* _Problem details_: Could you copy exactly the lines below, beginning at the line with "NEW Justin Boots" and stopping after the line with "Lukts Mardi Gra", with no pictures?

* _Given entries_:
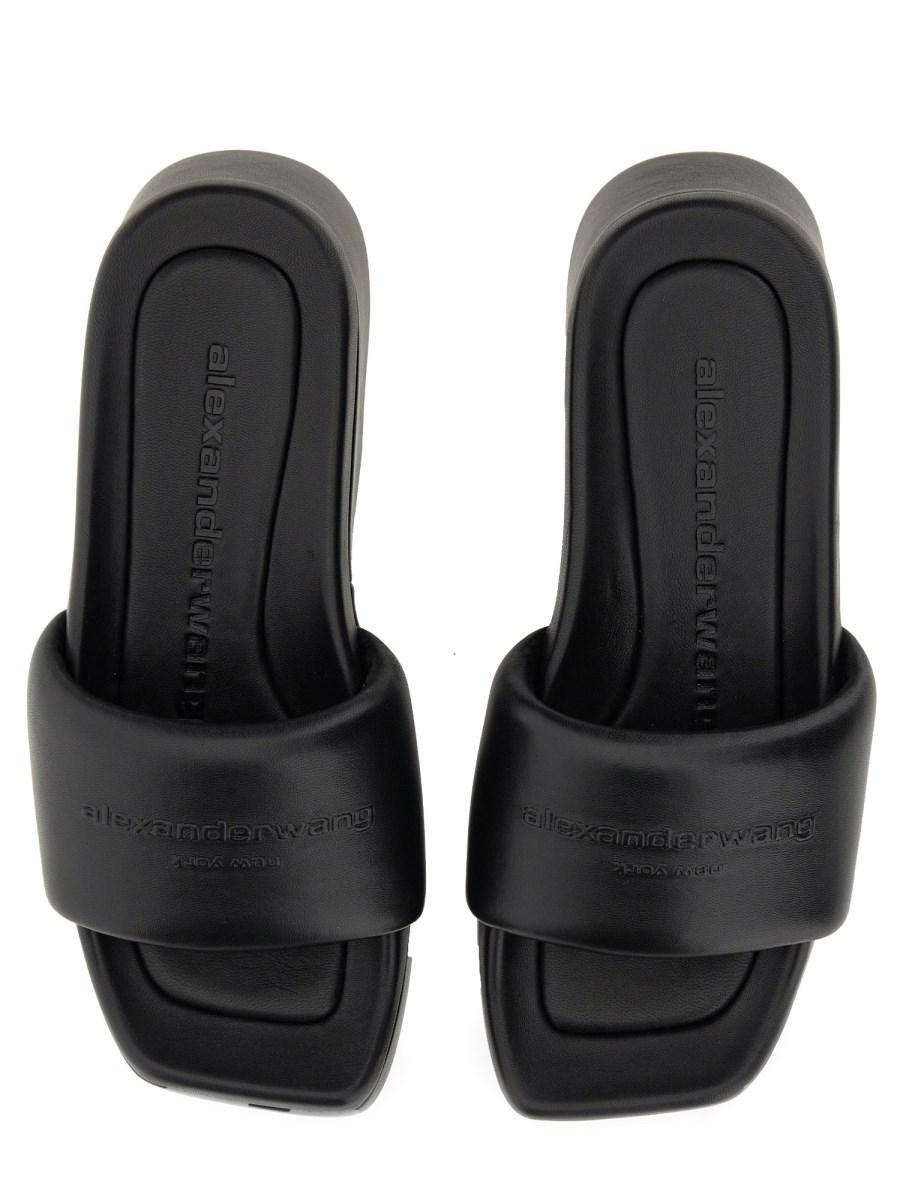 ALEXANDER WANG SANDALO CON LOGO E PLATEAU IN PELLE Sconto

--

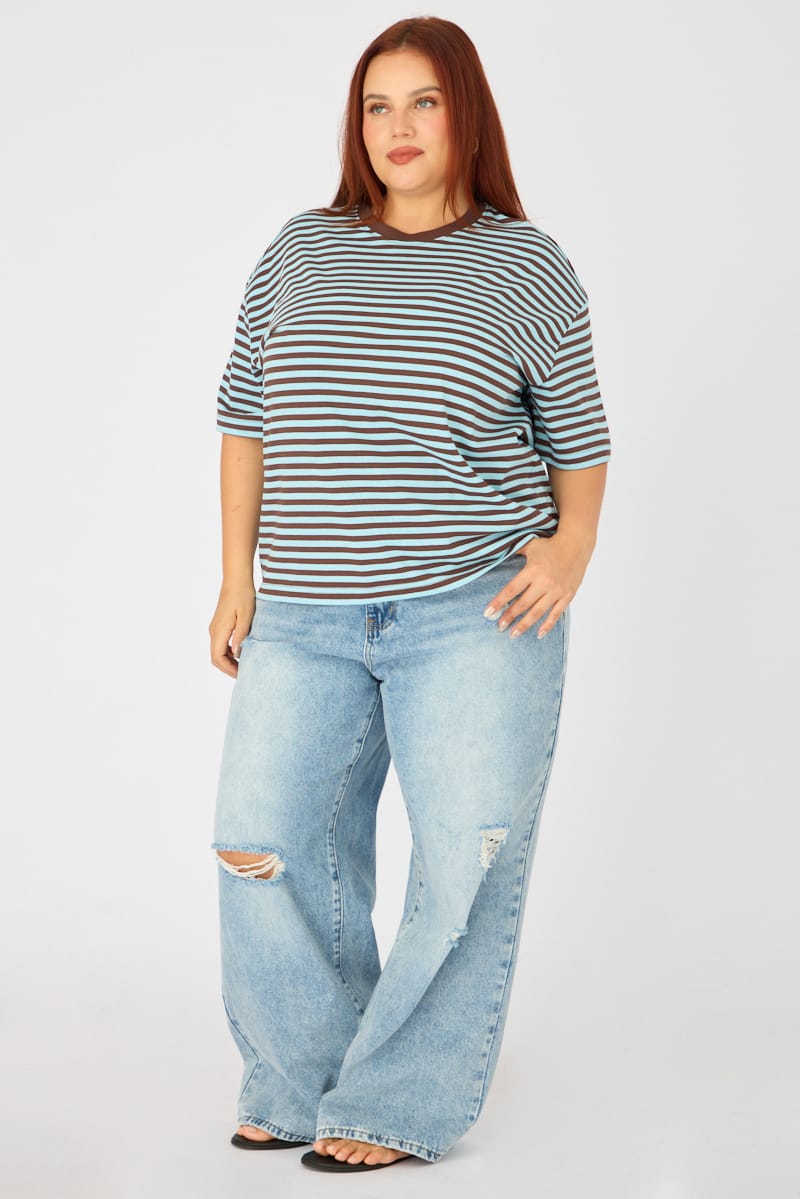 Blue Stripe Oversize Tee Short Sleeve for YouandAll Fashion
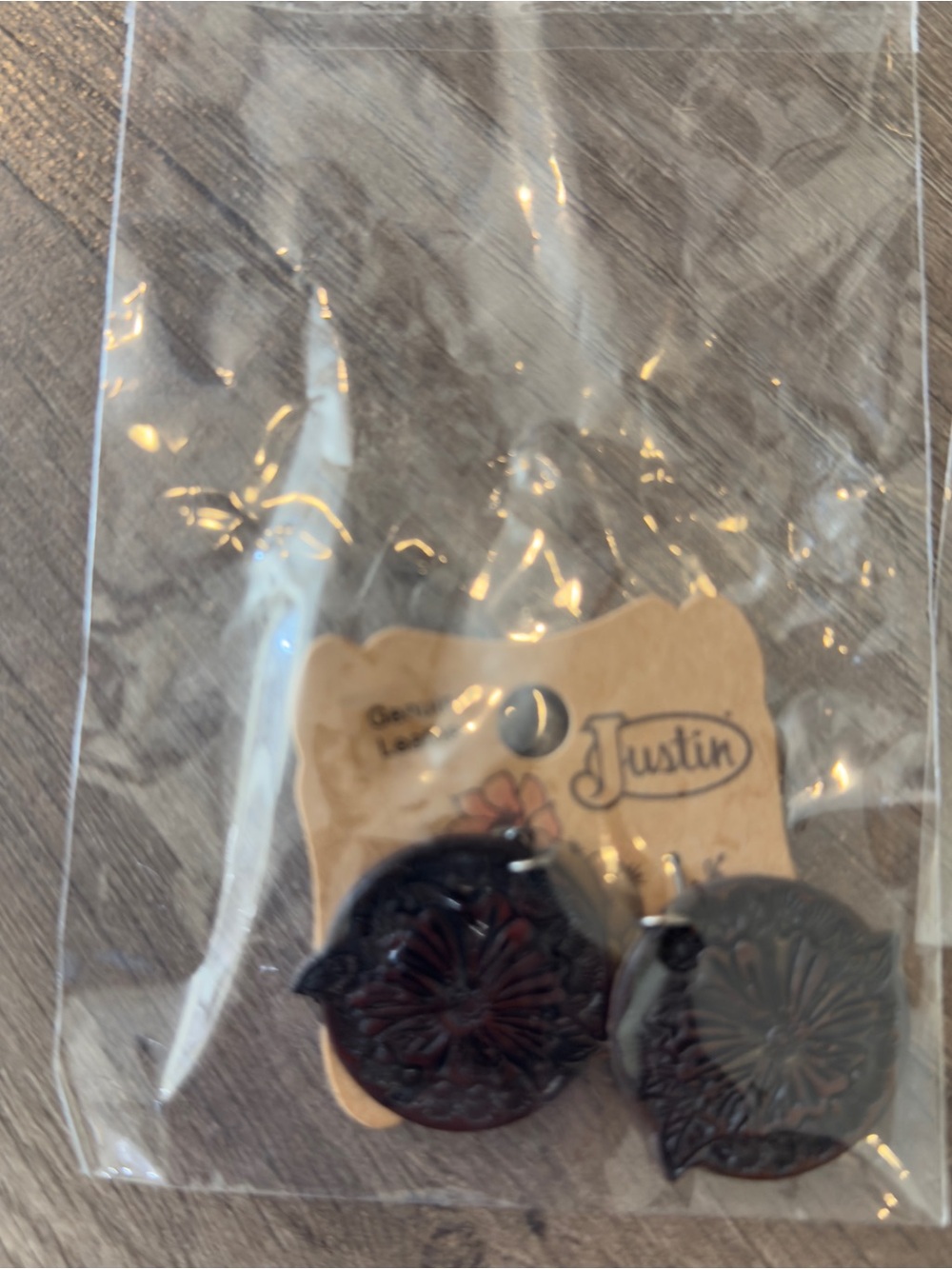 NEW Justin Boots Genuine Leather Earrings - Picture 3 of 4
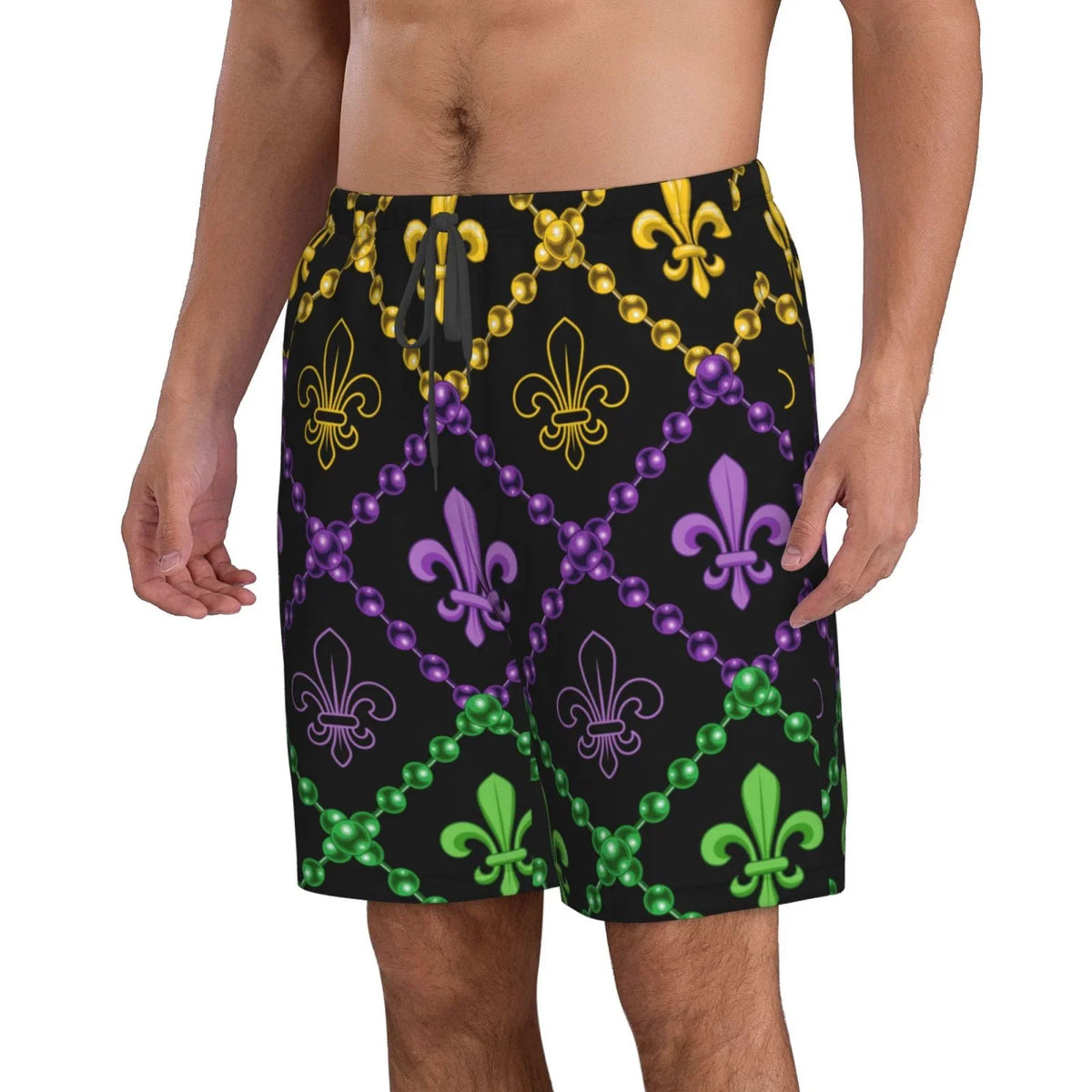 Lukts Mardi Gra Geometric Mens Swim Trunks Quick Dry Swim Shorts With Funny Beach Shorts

---

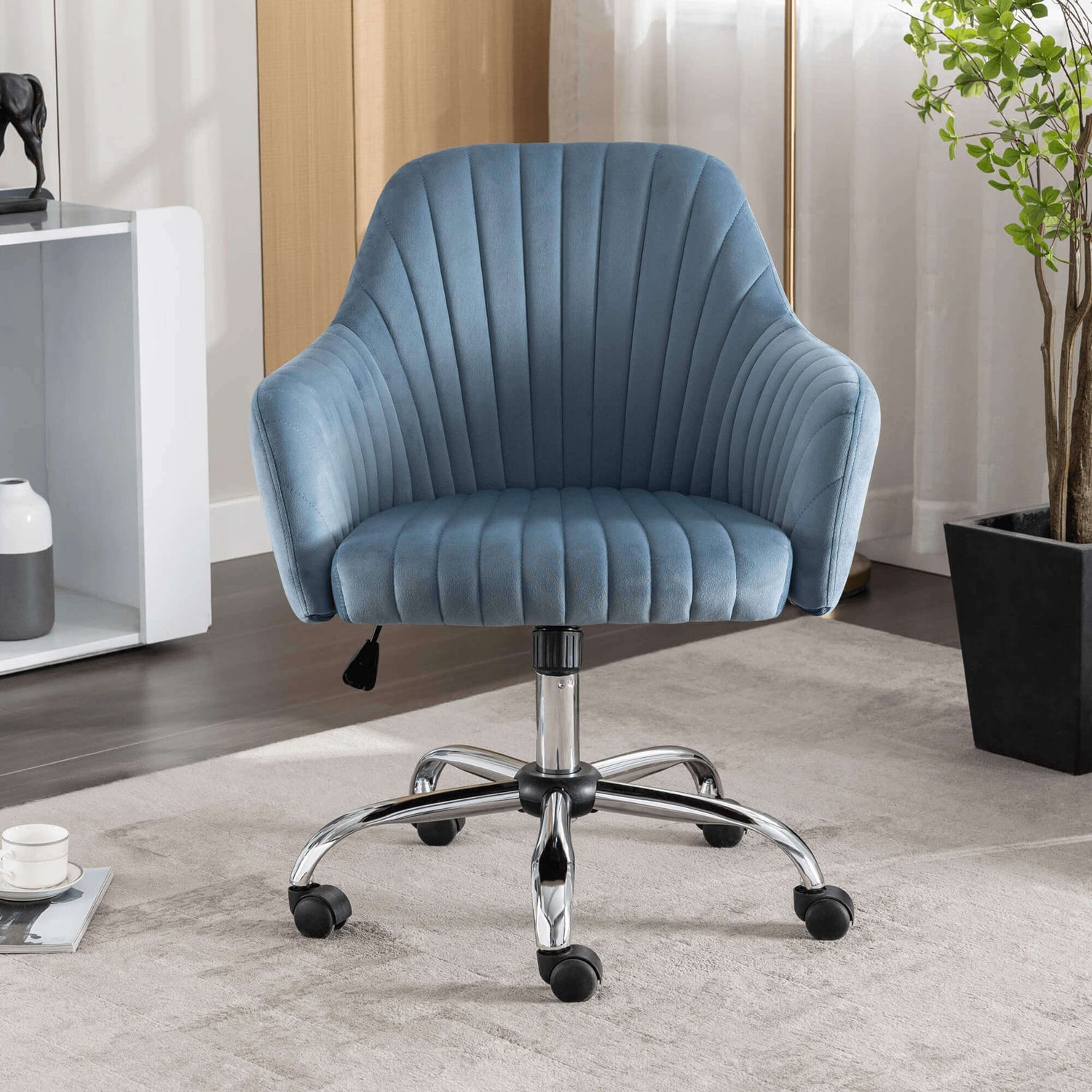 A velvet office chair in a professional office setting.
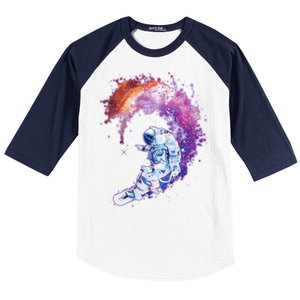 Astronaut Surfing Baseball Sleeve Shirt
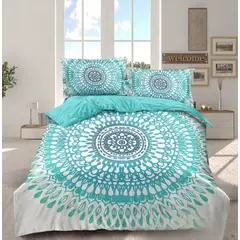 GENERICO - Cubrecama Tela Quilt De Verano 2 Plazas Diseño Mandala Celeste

* _Answer to the problem_:
 NEW Justin Boots Genuine Leather Earrings - Picture 3 of 4
 Lukts Mardi Gra Geometric Mens Swim Trunks Quick Dry Swim Shorts With Funny Beach Shorts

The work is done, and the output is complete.